> **INSTRUCTIONS TO FOLLOW**
Below are the records; give again exactly the line with "Plaque rouge apparaissant", the line with "Localising cortical lesions", and each line that lies between them, and nothing besides.
***** DATA FOR ANALYSIS *****
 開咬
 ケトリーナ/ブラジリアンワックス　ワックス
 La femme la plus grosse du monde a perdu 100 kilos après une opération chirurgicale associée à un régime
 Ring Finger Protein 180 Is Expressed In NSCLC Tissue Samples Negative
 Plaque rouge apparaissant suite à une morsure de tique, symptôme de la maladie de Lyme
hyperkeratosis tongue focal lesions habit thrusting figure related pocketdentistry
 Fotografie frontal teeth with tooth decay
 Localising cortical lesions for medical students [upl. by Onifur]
*****
***** DATA FOR ANALYSIS *****
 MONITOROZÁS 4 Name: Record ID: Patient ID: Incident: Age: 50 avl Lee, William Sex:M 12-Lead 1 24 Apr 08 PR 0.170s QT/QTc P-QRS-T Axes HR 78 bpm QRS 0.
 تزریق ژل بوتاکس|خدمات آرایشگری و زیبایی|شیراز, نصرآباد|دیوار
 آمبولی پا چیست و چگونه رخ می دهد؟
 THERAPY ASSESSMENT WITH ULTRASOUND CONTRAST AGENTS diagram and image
*****
***** DATA FOR ANALYSIS *****
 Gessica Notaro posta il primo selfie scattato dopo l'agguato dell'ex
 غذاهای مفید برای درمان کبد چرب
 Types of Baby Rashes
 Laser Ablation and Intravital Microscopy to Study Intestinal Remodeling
*****
> **SOLUTION TO THIS EXERCISE**
 Plaque rouge apparaissant suite à une morsure de tique, symptôme de la maladie de Lyme
hyperkeratosis tongue focal lesions habit thrusting figure related pocketdentistry
 Fotografie frontal teeth with tooth decay
 Localising cortical lesions for medical students [upl. by Onifur]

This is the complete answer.